┌──

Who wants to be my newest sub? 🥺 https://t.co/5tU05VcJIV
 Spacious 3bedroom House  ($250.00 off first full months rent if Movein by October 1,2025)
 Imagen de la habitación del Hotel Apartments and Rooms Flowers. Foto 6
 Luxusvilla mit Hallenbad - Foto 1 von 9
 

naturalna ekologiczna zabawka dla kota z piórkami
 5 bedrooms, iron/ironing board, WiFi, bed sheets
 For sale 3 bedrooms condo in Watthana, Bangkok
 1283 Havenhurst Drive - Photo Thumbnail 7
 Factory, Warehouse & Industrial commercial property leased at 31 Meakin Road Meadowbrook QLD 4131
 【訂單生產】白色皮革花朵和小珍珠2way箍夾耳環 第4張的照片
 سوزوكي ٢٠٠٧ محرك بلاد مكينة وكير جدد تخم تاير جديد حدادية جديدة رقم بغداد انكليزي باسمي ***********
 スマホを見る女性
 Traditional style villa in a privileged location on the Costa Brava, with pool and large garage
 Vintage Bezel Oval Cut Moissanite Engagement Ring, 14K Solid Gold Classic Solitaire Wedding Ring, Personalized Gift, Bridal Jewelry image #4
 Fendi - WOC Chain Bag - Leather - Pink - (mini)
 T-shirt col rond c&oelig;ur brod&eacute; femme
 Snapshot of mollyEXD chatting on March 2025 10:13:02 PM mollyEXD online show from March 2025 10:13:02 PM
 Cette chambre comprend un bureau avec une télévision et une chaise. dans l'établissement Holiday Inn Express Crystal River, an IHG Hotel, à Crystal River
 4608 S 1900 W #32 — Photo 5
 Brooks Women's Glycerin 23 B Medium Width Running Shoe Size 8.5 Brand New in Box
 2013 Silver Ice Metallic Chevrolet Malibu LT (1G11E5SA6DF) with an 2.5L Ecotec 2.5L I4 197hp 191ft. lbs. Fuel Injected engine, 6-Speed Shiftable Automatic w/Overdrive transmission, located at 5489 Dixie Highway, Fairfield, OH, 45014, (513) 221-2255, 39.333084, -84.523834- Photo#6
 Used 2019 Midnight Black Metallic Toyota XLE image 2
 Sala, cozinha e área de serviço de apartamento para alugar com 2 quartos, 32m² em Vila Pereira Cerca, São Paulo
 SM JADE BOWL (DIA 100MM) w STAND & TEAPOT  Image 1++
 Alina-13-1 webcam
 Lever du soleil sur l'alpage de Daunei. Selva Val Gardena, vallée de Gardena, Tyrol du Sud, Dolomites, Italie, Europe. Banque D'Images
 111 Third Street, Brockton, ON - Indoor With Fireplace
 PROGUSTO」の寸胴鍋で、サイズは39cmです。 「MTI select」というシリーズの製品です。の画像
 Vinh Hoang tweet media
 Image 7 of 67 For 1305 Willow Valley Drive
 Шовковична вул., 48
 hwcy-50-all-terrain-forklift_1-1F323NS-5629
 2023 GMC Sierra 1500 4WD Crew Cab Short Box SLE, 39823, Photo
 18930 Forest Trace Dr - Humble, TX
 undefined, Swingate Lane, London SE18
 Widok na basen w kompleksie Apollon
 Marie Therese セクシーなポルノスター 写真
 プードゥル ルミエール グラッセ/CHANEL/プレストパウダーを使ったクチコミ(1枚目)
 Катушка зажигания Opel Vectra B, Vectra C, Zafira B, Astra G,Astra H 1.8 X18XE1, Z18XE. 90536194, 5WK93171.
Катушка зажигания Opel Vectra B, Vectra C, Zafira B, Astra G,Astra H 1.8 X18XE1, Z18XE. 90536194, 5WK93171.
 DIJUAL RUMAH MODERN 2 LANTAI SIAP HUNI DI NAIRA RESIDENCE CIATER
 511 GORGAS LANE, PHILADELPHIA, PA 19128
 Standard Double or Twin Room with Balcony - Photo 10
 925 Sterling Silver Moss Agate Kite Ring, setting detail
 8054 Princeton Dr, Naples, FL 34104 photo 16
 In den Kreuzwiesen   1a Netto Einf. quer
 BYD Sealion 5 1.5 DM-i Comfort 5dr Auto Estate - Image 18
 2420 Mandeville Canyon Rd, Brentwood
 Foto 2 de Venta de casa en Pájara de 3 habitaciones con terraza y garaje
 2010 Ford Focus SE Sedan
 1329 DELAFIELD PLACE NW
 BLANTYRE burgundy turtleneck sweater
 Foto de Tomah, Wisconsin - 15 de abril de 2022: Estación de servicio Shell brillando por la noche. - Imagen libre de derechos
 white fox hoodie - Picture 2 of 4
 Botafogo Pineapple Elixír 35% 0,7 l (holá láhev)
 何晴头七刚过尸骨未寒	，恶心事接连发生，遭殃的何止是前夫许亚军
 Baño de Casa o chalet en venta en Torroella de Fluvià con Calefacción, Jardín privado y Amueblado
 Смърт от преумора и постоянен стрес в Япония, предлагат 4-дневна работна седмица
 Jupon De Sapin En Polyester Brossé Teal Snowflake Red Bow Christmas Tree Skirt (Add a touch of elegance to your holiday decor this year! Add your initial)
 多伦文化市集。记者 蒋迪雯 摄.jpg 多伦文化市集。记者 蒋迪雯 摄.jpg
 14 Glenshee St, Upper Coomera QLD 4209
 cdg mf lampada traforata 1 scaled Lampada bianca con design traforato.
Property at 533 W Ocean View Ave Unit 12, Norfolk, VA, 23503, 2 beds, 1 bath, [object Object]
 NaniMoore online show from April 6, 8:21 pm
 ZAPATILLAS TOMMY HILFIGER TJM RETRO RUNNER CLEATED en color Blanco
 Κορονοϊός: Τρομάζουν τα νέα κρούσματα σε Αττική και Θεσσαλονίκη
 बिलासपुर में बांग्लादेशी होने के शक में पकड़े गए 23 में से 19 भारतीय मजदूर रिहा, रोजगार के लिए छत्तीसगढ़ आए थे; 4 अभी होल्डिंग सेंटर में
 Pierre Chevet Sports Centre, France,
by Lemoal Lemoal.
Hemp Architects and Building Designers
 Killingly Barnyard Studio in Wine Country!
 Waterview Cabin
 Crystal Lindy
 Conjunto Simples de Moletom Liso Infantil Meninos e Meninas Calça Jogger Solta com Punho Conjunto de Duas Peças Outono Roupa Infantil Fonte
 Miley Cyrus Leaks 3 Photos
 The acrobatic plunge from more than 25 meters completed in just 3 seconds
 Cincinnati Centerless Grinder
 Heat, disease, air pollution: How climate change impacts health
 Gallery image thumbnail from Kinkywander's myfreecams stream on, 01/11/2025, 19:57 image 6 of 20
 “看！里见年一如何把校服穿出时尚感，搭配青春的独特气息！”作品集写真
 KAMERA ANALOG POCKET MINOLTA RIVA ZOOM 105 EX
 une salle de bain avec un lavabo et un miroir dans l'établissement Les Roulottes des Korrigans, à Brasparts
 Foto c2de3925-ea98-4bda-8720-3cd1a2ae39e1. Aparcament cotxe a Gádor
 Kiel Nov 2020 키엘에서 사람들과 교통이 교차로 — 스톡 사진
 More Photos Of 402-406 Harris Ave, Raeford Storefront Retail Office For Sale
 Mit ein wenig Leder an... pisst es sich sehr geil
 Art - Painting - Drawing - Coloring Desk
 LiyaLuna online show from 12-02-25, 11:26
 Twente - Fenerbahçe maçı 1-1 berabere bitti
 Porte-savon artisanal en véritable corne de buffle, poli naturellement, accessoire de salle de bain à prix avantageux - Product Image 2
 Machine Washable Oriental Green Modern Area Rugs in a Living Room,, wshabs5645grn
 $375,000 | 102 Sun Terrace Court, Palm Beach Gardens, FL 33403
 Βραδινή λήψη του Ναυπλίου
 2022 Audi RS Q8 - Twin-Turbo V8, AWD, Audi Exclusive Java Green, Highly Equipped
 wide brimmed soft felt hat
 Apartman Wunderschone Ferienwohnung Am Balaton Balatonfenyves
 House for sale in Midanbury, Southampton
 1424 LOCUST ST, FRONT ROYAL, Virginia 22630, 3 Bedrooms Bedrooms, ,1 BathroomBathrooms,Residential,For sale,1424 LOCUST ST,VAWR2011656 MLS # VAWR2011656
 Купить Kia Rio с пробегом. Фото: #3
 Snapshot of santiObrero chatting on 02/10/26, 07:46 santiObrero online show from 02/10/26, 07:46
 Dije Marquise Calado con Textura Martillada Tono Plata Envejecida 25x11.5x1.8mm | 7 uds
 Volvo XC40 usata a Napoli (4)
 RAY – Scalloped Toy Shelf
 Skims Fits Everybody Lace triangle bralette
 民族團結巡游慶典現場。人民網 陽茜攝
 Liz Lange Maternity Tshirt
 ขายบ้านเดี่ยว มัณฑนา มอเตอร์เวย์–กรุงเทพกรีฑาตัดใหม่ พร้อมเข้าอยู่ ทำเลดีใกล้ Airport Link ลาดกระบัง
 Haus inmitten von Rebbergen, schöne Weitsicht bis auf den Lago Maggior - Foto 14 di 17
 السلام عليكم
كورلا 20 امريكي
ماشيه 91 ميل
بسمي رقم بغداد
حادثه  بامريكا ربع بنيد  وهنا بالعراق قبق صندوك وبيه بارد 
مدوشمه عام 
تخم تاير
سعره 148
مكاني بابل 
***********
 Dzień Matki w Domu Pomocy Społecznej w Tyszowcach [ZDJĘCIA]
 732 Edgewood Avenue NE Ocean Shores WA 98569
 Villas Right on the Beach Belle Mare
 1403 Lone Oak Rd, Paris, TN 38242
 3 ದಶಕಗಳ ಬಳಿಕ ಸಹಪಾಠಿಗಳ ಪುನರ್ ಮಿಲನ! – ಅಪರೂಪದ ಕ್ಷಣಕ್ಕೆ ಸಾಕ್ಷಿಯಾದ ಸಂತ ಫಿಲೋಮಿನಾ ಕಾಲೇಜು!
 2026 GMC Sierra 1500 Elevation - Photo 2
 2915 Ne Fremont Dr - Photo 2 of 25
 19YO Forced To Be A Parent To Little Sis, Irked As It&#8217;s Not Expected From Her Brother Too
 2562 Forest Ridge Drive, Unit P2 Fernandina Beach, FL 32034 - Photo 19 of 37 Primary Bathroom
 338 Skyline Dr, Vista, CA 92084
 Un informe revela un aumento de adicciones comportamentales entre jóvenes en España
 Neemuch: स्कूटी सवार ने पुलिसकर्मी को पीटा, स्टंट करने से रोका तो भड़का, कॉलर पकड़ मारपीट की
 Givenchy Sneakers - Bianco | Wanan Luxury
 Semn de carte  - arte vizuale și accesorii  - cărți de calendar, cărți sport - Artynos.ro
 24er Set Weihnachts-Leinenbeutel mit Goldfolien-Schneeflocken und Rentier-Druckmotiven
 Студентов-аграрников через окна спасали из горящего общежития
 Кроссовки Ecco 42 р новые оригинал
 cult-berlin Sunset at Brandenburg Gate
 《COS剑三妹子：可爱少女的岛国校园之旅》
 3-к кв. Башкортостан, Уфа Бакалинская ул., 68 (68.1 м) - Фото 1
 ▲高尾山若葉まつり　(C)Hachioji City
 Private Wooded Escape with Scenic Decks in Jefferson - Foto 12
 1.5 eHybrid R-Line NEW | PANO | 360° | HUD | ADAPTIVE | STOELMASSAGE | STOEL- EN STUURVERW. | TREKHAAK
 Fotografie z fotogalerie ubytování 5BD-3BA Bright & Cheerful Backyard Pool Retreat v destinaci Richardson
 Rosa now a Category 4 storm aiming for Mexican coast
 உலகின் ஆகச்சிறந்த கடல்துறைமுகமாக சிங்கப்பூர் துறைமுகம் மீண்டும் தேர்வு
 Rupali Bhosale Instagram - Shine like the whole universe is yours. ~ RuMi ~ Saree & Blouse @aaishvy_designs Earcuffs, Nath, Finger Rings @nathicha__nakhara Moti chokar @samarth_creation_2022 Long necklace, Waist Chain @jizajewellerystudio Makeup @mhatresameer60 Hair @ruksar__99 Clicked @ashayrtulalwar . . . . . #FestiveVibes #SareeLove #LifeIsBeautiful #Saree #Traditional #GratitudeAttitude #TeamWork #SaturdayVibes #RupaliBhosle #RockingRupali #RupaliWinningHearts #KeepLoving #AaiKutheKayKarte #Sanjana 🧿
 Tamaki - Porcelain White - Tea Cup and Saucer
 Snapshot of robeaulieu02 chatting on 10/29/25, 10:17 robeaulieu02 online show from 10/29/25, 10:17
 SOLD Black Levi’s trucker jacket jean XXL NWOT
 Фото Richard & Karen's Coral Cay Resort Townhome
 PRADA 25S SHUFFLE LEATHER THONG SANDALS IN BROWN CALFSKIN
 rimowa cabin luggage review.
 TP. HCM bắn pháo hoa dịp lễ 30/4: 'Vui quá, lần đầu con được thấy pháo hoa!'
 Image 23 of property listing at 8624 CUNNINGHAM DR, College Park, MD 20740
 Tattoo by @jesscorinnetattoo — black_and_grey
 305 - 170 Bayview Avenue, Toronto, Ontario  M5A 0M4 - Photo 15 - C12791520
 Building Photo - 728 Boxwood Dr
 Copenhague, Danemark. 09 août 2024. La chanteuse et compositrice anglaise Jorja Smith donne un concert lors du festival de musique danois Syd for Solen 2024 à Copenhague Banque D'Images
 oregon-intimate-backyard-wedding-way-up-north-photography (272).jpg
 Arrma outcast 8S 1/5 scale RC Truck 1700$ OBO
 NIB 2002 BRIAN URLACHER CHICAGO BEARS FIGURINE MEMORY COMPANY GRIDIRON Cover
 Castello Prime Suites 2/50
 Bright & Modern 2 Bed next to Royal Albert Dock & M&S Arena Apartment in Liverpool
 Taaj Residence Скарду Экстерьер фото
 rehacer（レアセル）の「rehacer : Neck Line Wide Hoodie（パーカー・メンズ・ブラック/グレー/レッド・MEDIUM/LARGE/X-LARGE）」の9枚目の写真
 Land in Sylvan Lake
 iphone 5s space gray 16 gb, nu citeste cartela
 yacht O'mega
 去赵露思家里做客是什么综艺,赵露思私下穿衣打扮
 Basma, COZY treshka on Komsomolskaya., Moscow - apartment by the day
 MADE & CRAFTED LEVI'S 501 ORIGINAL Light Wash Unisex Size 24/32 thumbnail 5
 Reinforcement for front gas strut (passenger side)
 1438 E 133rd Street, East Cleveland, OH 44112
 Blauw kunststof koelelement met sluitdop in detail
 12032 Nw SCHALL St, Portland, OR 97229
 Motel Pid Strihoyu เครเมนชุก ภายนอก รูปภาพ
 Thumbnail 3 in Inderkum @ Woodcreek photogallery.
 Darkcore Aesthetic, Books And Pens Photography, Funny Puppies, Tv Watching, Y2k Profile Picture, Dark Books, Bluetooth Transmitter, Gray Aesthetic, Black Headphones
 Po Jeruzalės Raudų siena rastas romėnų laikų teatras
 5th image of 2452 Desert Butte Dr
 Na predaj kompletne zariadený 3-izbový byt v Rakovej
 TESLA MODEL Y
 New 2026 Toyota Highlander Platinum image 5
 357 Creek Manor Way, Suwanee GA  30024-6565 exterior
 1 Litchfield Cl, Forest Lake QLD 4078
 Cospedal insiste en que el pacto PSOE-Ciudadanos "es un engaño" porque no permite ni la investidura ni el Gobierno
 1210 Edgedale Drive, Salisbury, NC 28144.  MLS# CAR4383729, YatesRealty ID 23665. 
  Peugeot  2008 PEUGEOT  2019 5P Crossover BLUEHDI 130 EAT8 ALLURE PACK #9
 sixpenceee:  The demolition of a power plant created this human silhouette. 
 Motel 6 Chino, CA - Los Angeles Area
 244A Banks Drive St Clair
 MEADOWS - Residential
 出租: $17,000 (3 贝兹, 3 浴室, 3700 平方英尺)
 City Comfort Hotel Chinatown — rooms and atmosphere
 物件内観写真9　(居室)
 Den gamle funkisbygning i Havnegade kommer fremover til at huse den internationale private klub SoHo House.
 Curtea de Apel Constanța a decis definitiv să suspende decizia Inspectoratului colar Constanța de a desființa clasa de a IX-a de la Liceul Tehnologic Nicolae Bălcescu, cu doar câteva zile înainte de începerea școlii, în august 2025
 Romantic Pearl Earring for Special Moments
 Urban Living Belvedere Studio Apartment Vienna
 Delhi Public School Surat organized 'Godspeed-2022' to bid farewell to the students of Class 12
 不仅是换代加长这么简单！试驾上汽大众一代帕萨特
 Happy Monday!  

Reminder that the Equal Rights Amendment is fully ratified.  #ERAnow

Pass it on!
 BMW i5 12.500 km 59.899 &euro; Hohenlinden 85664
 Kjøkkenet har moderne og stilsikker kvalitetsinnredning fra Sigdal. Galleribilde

└──

> **Exercise aim**: Your answer should be an exact copy of the lines from the one with "不仅是换代加长这么简单！试驾上汽大众一代帕萨特" through the end of the material, with no other lines.

> **Expected answer**:
 不仅是换代加长这么简单！试驾上汽大众一代帕萨特
 Happy Monday!  

Reminder that the Equal Rights Amendment is fully ratified.  #ERAnow

Pass it on!
 BMW i5 12.500 km 59.899 &euro; Hohenlinden 85664
 Kjøkkenet har moderne og stilsikker kvalitetsinnredning fra Sigdal. Galleribilde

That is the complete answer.